Australia captain Steve Smith will be sent home in disgrace from the tour of South Africa for his role in the ball-tampering scandal, but coach Darren Lehmann will remain in charge, team management said Tuesday.
Smith and opening batsman Cameron Bancroft, the player caught on camera attempting to doctor the ball with a piece of tape, will return home for their role after an incident which has dragged Australian cricket's reputation through the mud.
Vice-captain David Warner has also been banished from the tour.
The ball-tampering incident sparked condemnation from the public back in Australia, where the role of national cricket captain is widely seen as the second most important job in the country behind the prime minister.
"I understand and share the anger and disappointment of Australian fans," Cricket Australia chief James Sutherland said at a press conference in Johannesburg.
"On behalf of Cricket Australia, I want to apologise to all Australians that these events have taken place, especially to all the kids."
He added: "I want to also apologise to Cricket South Africa and South African fans that this issue has overshadowed what should have been a great series."
Further sanctions will be announced shortly after preliminary findings of the investigation into the ball-tampering controversy in the third Test in Cape Town are completed, Sutherland said.
Smith has already been suspended for one Test and docked his entire match fee by the International Cricket Council (ICC) for his role in the affair.
Sutherland indicated that the three players could expect tough penalties in the "next 24 hours" over the incident last Saturday.
"Sanctions will be significant and they will reflect the gravity of the situation," he said, declining to state categorically whether they had been cheating.
Bancroft used a strip of yellow sticky tape he had covered with dirt granules to illegally scratch the rough side of the ball, in an attempt to generate more swing for Australia's bowlers.
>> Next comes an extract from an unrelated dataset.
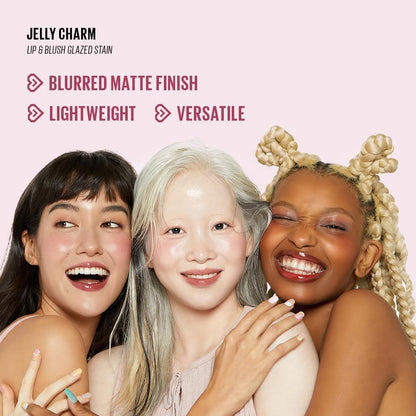 Lip & Blush Glazed Keychain Stain - Jelly Charm | Hydrating, Easily Buildable and Blendable | 01 Cherry Spritz | Formulated without Parabens and Phthalates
He was filmed not only rubbing the ball with the dirtied tape but also concealing the evidence down the front of his trousers.
Smith said after the Test that the Australians' "leadership group" had been aware of the plan to alter the condition of the ball.
However, Sutherland insisted Lehmann had had no knowledge of the plot.
"Prior knowledge of the ball tampering incident was limited to three players... No other players or support staff had prior knowledge and this includes Darren Lehmann, who despite inaccurate media reports, has not resigned from his position," said Sutherland.
"He will continue to coach the Australia men's team under his current contract."
Former Australia captain Michael Clarke, the man Smith succeeded in the role in 2015, issued a scathing response and believes much regarding the incident has yet to be revealed.
"Too many reputations on the line for the full story not to come out. Cape Town change room is a very small place!" Clarke tweeted.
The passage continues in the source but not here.